YOUR INSTRUCTIONS = Return the records word for word. Pictures do not belong in the copy.

(Short web captions)
· · · · ·

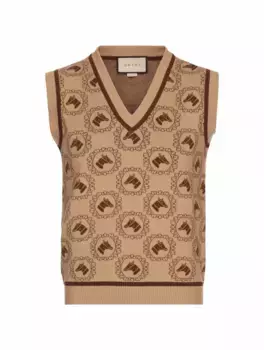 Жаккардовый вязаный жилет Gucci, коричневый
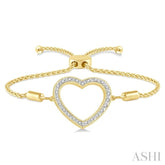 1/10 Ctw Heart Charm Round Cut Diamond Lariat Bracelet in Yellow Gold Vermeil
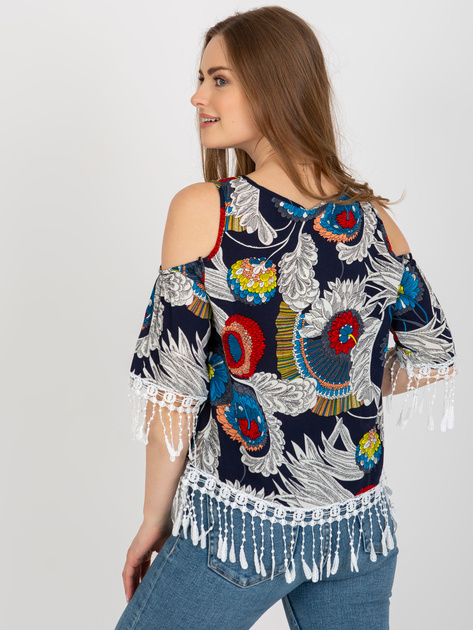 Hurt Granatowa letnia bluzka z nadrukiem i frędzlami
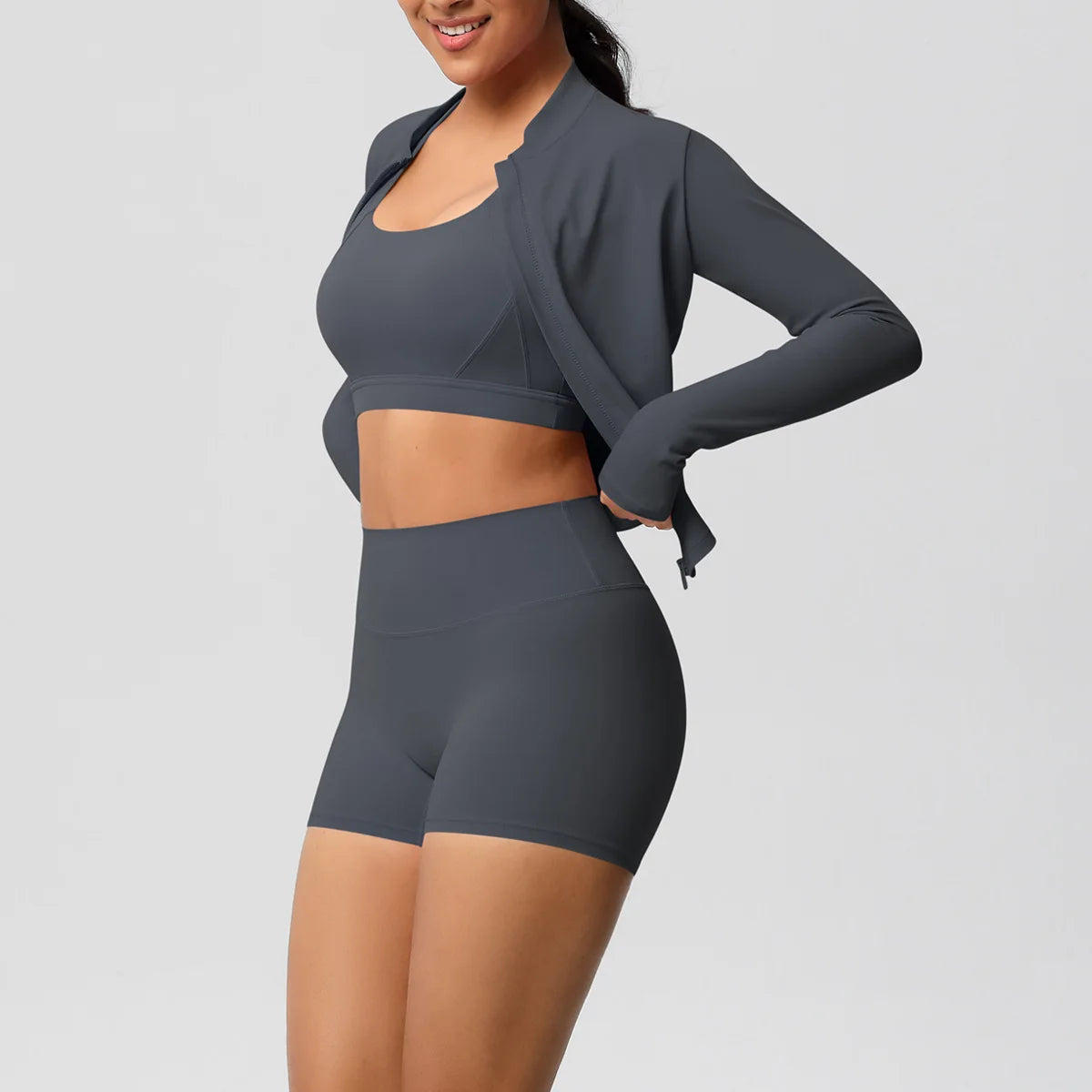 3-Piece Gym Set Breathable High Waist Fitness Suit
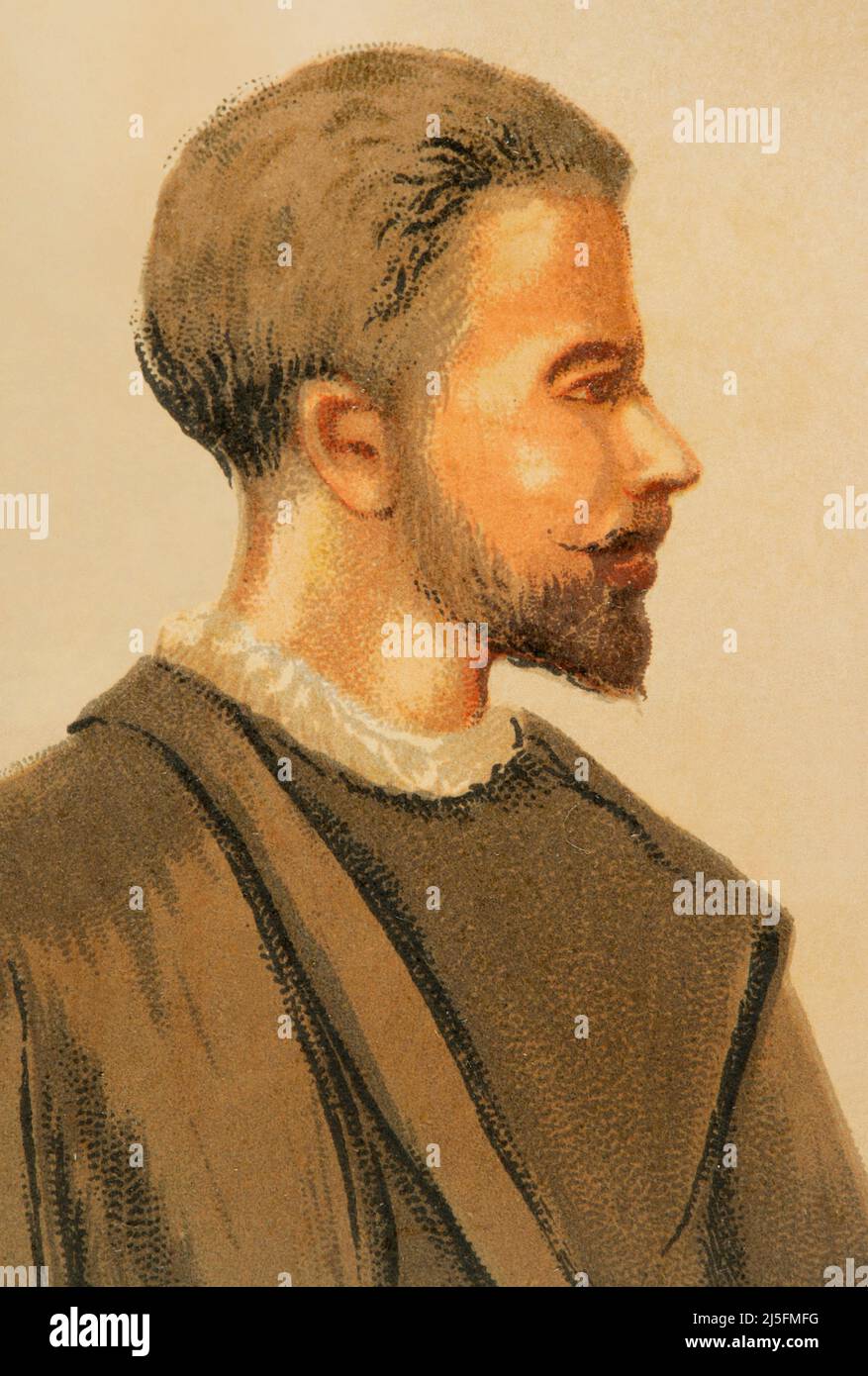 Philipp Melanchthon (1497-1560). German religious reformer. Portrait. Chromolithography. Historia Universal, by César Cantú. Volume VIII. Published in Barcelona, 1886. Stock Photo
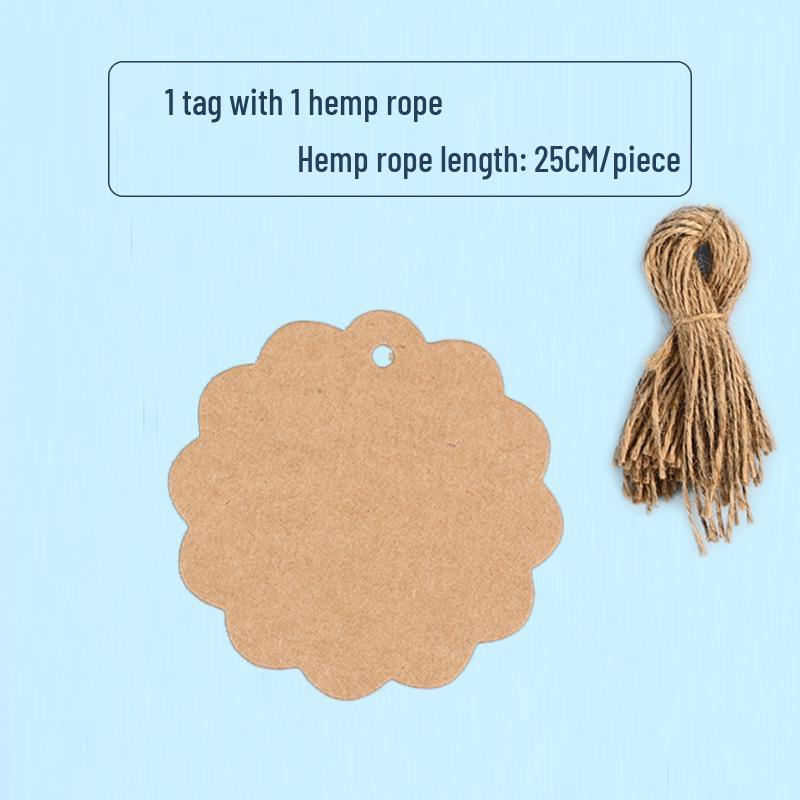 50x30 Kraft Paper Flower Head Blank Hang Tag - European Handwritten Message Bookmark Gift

· · · · ·

SOLUTION TO THE EXERCISE =
 Жаккардовый вязаный жилет Gucci, коричневый
 1/10 Ctw Heart Charm Round Cut Diamond Lariat Bracelet in Yellow Gold Vermeil
 Hurt Granatowa letnia bluzka z nadrukiem i frędzlami
 3-Piece Gym Set Breathable High Waist Fitness Suit
 Philipp Melanchthon (1497-1560). German religious reformer. Portrait. Chromolithography. Historia Universal, by César Cantú. Volume VIII. Published in Barcelona, 1886. Stock Photo
 50x30 Kraft Paper Flower Head Blank Hang Tag - European Handwritten Message Bookmark Gift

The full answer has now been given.